I can: Netflix gives directors too much creative control. Sometimes they give final cut to get name directors to create a project for them (e.g., David Fincher, Scott Frank, David Ayer). This means they don't screen their movies for test audiences. Recruited audience previews can be a nerve-wracking experience, and most of the time just sitting in an audience with your film and listening to them during the film is enough to know if something is working or not. However, the little focus groups afterwards where a group of about a dozen people are taken aside and asked to give their opinions verbally, those can be instructive.
Netflix also doesn't have a group of seasoned producers on hand to reign in directors when they are getting too precious. That's why something like
The Pale Blue Eye was about 20 minutes too long, with a final act that petered out. Directors leave everything in now, because not only do they think every frame is a Rembrandt, but also there is no tertiary home video market where the deleted scenes will be found. So films are bloated. On a studio picture, the studio head who greenlit that film is responsible for how well it does. So if it's a bomb, that studio head might get the sack, and all of the development deals s/he inked will also be dissolved. At Netflix, it does not seem to matter if a movie does well or not, so no one's job is at stake, which results in poor quality control.

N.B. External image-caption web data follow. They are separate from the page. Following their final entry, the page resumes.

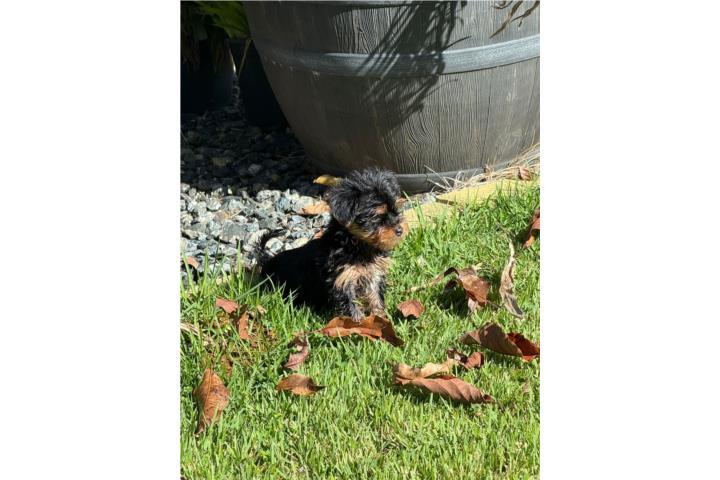 Morkie toy! Hembra y macho Puerto Rico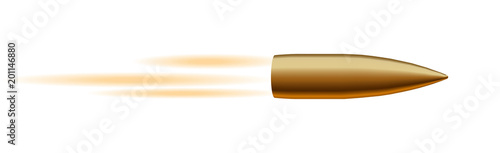 realistic bullet flies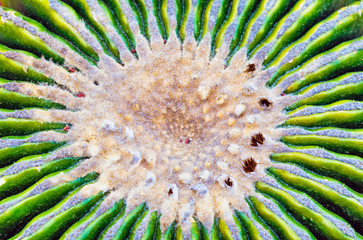 Closeup of a Cactus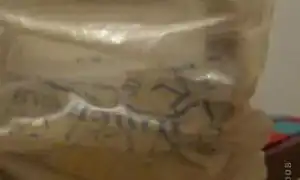 Мочалка крючком для начинающих из шпагата: схемы с фото. Как связать мочалку.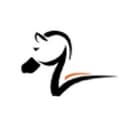 Zebra Strategies logo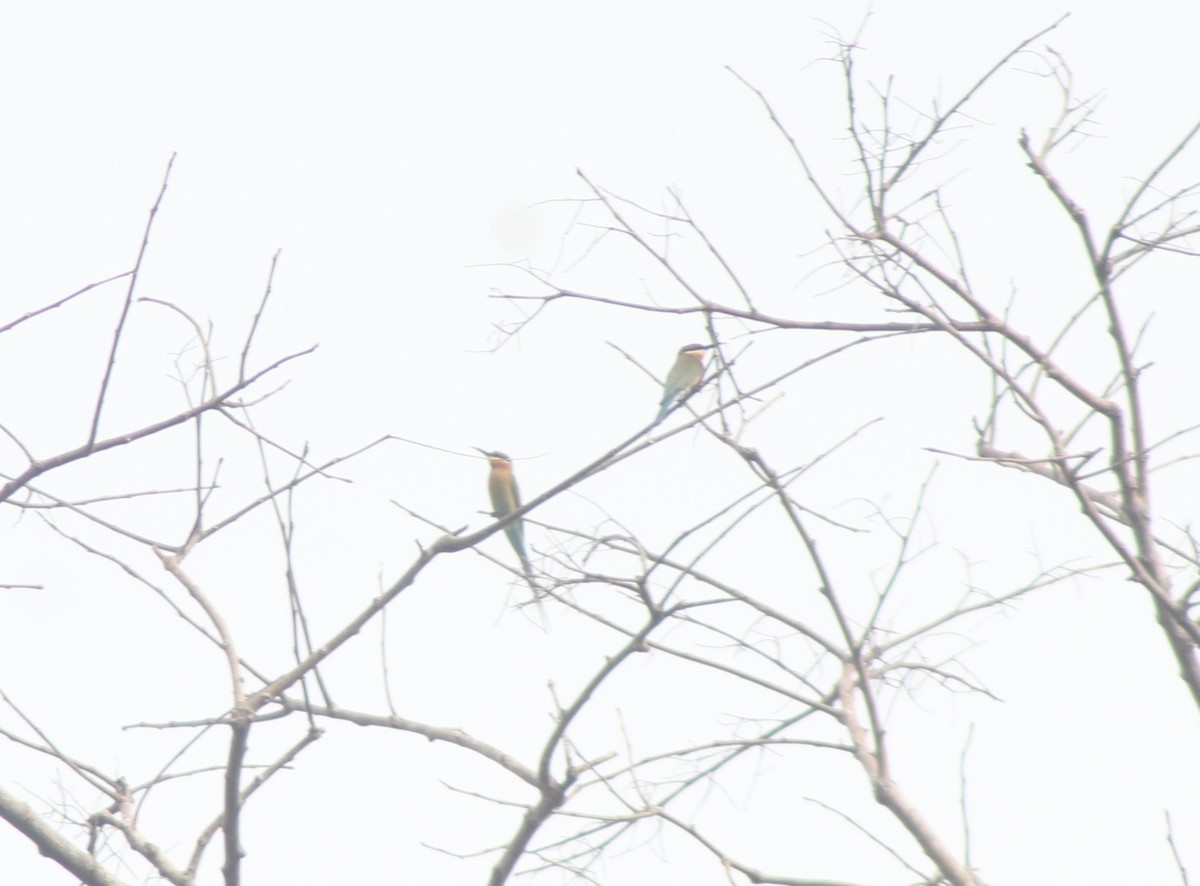 Blue-tailed Bee-eater - ML629698556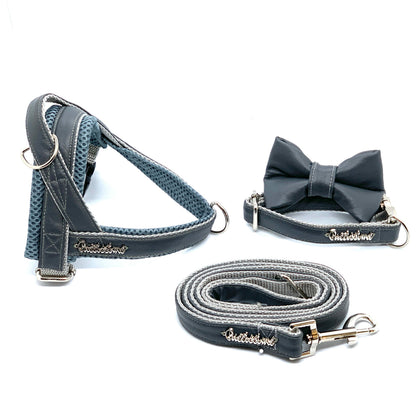 Shadow dog bow tie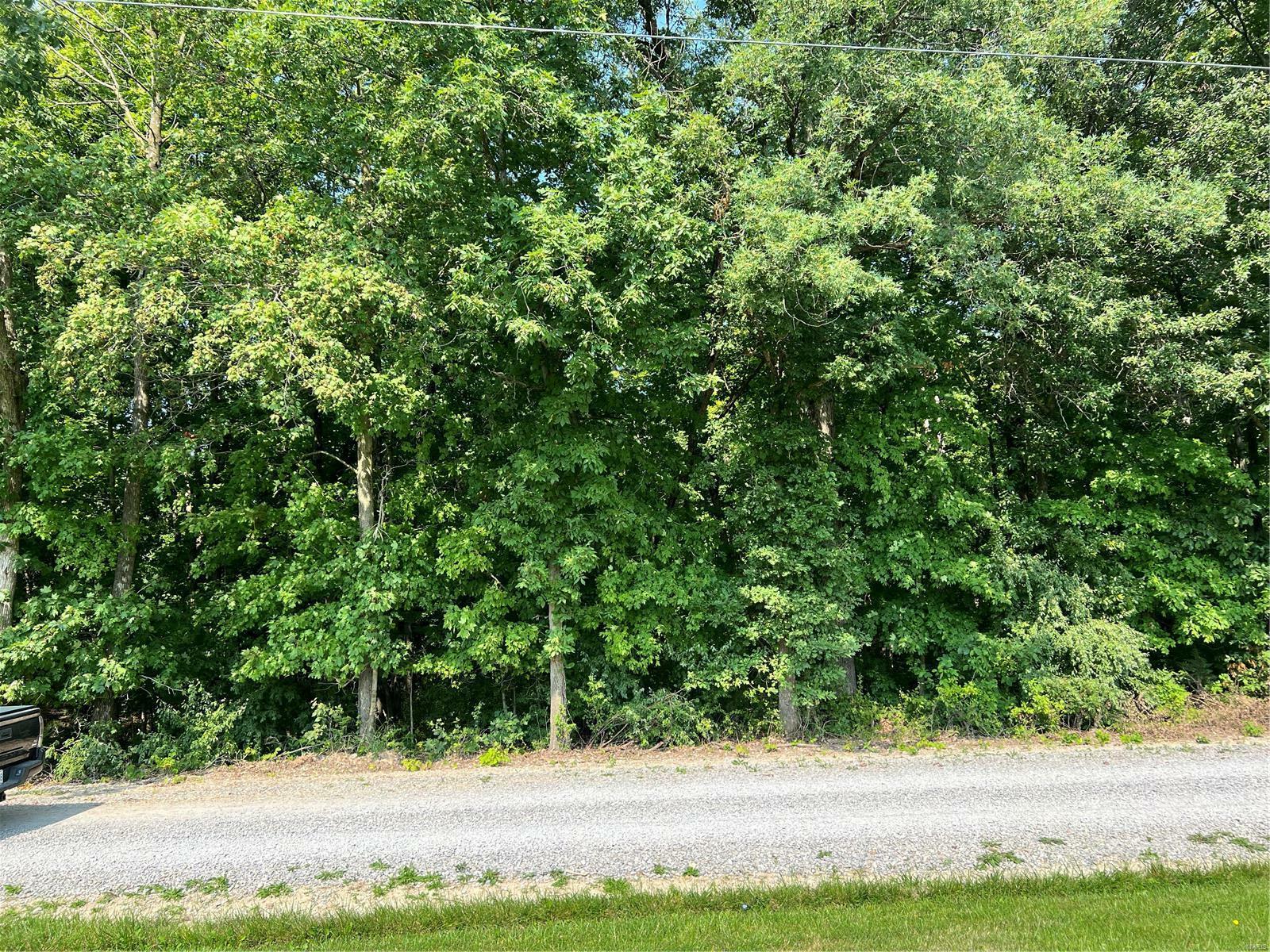 Property Photo:  16741 Pawnee Drive  MO 63459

Incidentally, Netflix just released viewership numbers for 99% of their content, which you can download as a spreadsheet:
https://www.latimes.com/entertainment-arts/business/story/2023-12-12/netflix-viewership-report -- the link is at the bottom of that article, I've tried to copy it [
here] but don't know if it will work. You will be surprised at some of those numbers, at least I was.
Example: Manifest season 1 was screened for 151,400,000 hours. Manifest season 4 was screened for 262,200,000 hours and was canceled. A big "hit" like Stranger Things, season 4, was screened for 133,600,000 hours and is getting another season. Squid Game, was a phenomenon, screened for 87,200,000 hours. Very strange!